**Goal of the exercise:** Retype the whole listing, please, keeping every line exact and dropping the pictures.

Extracted data Start Marker

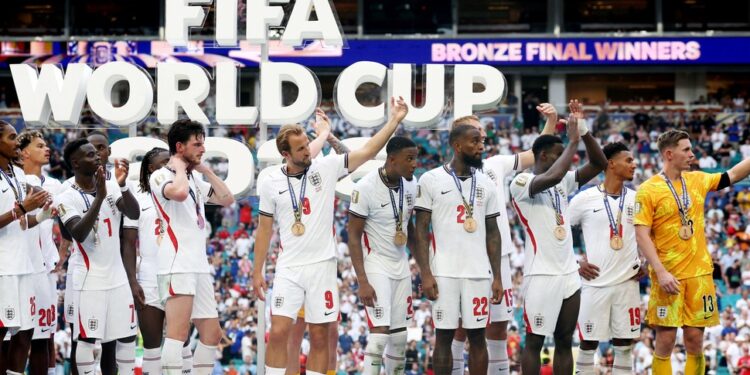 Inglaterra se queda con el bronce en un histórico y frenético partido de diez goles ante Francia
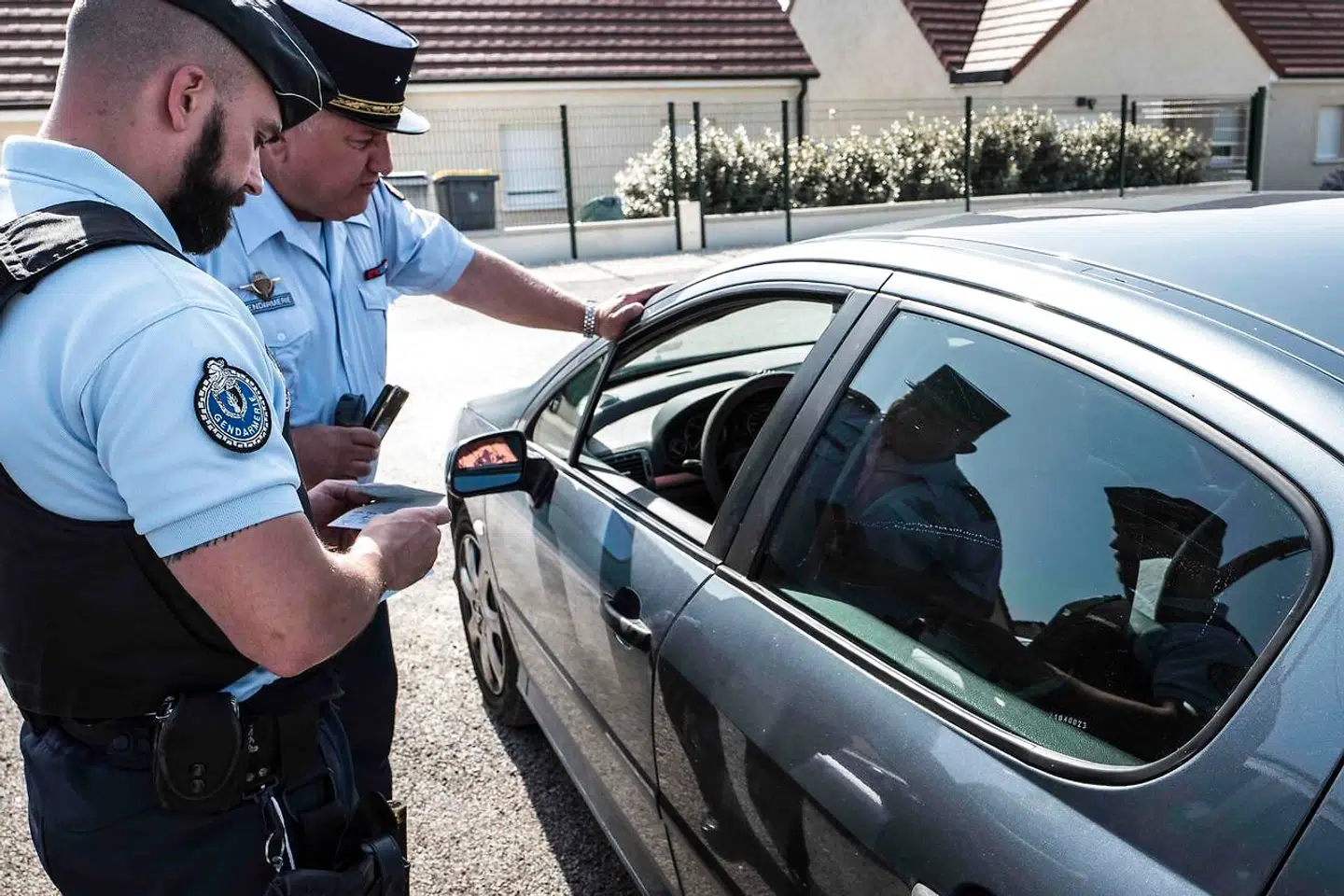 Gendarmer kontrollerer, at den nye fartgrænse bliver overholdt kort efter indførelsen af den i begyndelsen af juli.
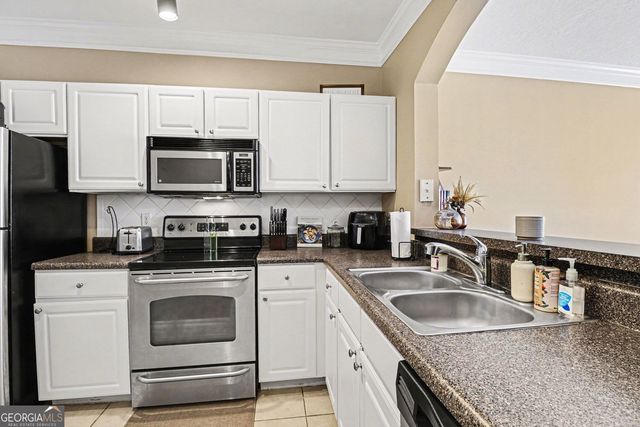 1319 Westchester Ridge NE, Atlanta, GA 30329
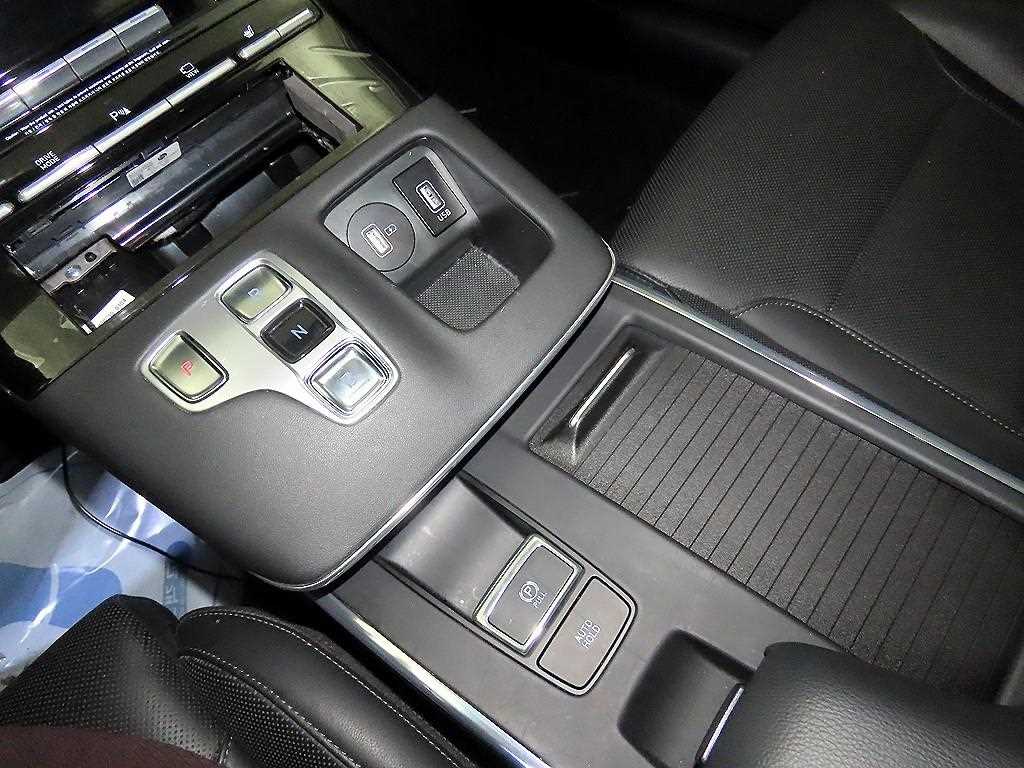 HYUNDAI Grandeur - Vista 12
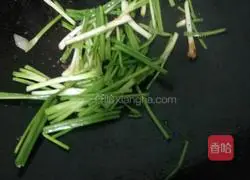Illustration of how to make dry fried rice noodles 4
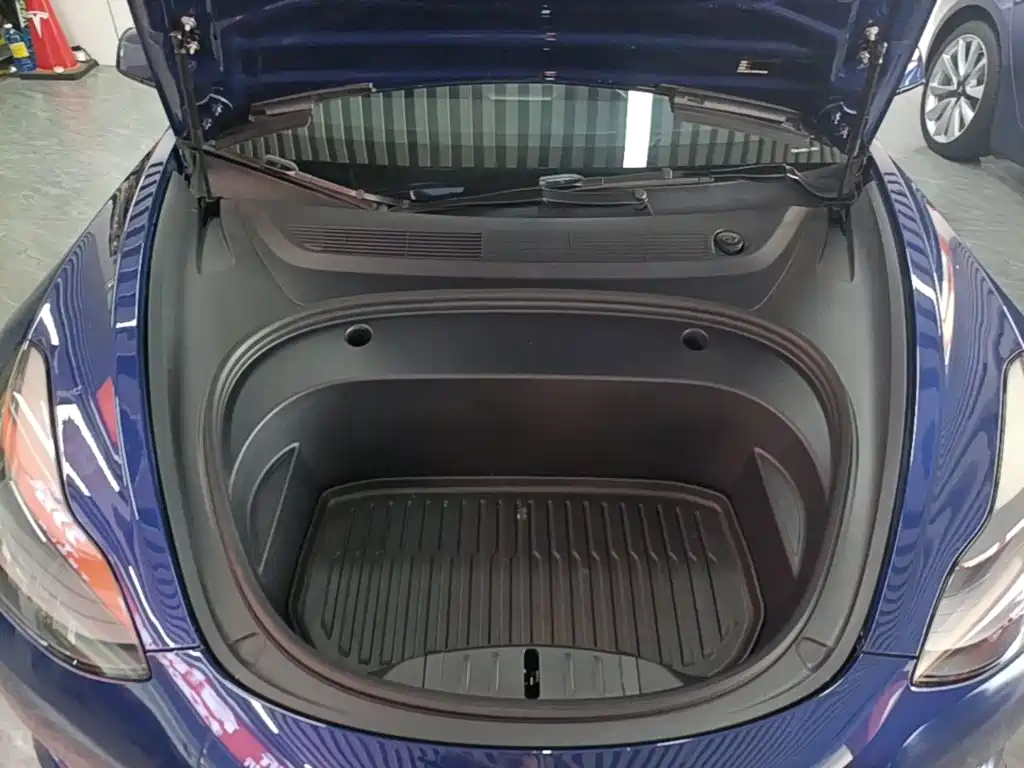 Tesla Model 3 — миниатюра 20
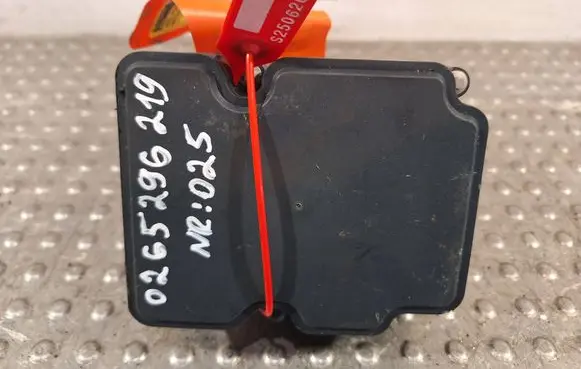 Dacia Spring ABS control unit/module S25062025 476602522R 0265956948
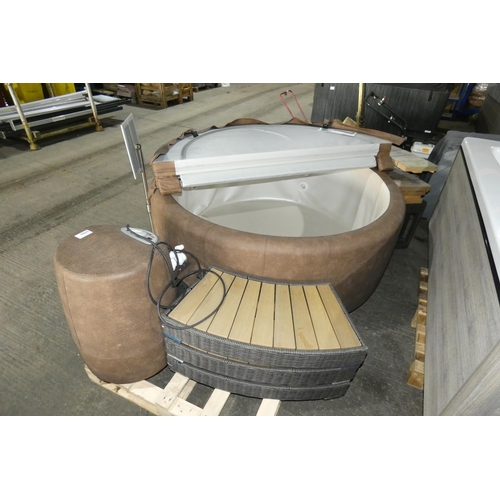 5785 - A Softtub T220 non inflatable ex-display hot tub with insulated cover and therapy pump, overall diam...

Extracted data End Marker

**Exercise response:**
 Inglaterra se queda con el bronce en un histórico y frenético partido de diez goles ante Francia
 Gendarmer kontrollerer, at den nye fartgrænse bliver overholdt kort efter indførelsen af den i begyndelsen af juli.
 1319 Westchester Ridge NE, Atlanta, GA 30329
 HYUNDAI Grandeur - Vista 12
Illustration of how to make dry fried rice noodles 4
 Tesla Model 3 — миниатюра 20
 Dacia Spring ABS control unit/module S25062025 476602522R 0265956948
 5785 - A Softtub T220 non inflatable ex-display hot tub with insulated cover and therapy pump, overall diam...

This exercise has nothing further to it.